Investors are looking closely at the fees being charged, but the hidden fee of liquidity may be the most significant cost that is often not talked about. Large firms that are charging less may have higher costs associated with liquidity than small firms. As the size of the firm grows, the cost of entering and exiting may be higher. Additionally, some markets that may offer opportunities are avoided because the cost of trading when liquidity is lower is higher.
There are economies of scale for managing a hedge fund business as a firm grows, but there are potential diseconomies of scale associated with the investment management of the business. You may get firms to be much more competitive on price as the assets under management grow or as it prices a large new inflow, but there may also be higher investment costs with running the money. One way to combat this higher liquidity cost is to increase expenditure and resources on trading and execution algorithms.
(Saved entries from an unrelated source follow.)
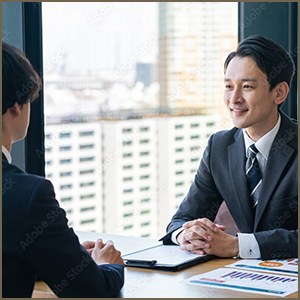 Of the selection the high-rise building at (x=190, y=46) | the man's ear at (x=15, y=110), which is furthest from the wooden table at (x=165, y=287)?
the high-rise building at (x=190, y=46)

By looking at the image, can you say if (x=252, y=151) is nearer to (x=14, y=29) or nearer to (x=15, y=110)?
(x=15, y=110)

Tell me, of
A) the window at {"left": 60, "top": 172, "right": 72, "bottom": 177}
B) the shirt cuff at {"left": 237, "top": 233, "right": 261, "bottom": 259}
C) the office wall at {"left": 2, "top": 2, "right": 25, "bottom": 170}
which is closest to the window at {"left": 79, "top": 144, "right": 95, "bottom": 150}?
the window at {"left": 60, "top": 172, "right": 72, "bottom": 177}

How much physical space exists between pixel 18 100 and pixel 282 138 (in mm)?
1255

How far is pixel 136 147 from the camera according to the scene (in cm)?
2164

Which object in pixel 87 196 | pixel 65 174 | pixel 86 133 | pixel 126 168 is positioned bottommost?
pixel 87 196

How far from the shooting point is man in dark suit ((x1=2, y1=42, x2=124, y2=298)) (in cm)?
118

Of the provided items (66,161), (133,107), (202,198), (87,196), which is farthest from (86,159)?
(202,198)

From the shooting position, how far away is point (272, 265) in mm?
1670

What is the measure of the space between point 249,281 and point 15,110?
0.83 metres

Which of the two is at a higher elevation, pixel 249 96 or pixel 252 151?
pixel 249 96

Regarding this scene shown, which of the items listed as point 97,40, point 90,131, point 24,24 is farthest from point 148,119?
point 24,24

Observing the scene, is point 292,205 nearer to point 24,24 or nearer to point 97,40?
point 24,24

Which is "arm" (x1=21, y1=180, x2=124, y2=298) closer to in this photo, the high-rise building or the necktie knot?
the necktie knot

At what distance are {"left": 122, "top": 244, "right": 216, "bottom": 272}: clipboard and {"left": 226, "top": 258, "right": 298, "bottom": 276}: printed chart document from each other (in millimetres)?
135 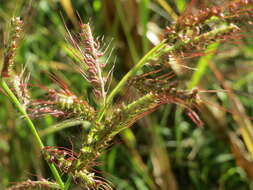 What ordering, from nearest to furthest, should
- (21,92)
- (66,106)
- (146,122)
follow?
(66,106), (21,92), (146,122)

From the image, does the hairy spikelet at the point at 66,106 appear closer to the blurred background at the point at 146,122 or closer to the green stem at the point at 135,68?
the green stem at the point at 135,68

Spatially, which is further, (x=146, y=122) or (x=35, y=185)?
(x=146, y=122)

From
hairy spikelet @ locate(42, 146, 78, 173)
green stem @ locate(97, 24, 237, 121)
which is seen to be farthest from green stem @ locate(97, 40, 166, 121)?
hairy spikelet @ locate(42, 146, 78, 173)

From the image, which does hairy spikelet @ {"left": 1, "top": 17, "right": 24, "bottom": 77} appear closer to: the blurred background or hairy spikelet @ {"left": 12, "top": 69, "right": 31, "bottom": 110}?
hairy spikelet @ {"left": 12, "top": 69, "right": 31, "bottom": 110}

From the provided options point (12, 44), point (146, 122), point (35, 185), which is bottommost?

As firms get larger or price based solely as a management fee there may be the potential for misalignment of incentives and hidden performance costs. Larger firms that have covered fixed costs could easily focus more on incentive fees but it seems merely likely they will cut incentives and actually skew toward locking in management fees.
There is a trade-off between the benefits from scale through risk management, research, execution, and business cost savings against the costs of liquidity management. There will be a point where the added net return from scale is outweighed by the performance drag from liquidity shortages.
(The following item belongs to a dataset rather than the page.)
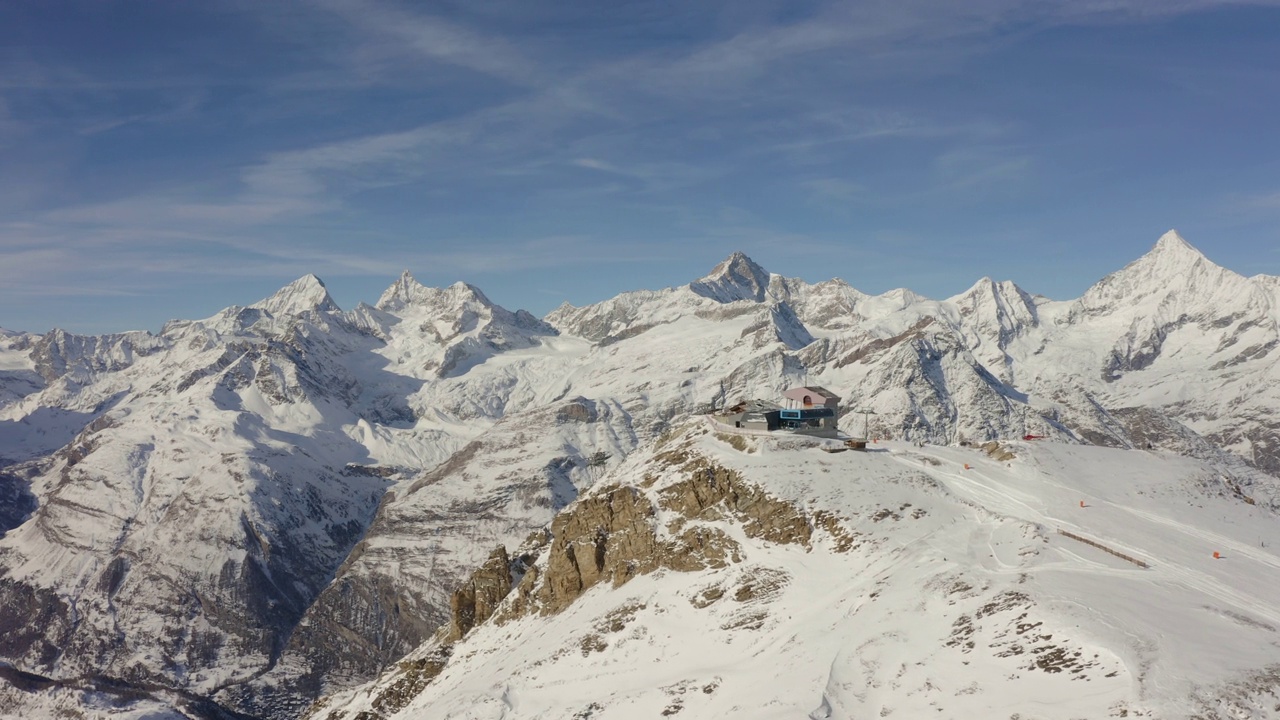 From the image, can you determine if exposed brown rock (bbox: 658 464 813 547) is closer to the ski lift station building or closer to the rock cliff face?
the rock cliff face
Nevertheless, the cost of liquidity is extremely hard to measure because when you need it, it will not be available. The inflection point between economies and diseconomies of scale is hard to determine. So a natural question is, “What is the capacity of any given firm?” and “What is the capacity for a given strategy or across all firms pursuing the same strategy?”
It is surprising that more firms have not closed to new investments as they have grown. It is likely most firms are optimistic and gauge capacity on the high side. Additionally, back of the envelope calculations on trading across firms suggest that many trades can easily be considered crowded. Discounting the uncertainty of liquidity is more important than calculating the discount from lower management fees.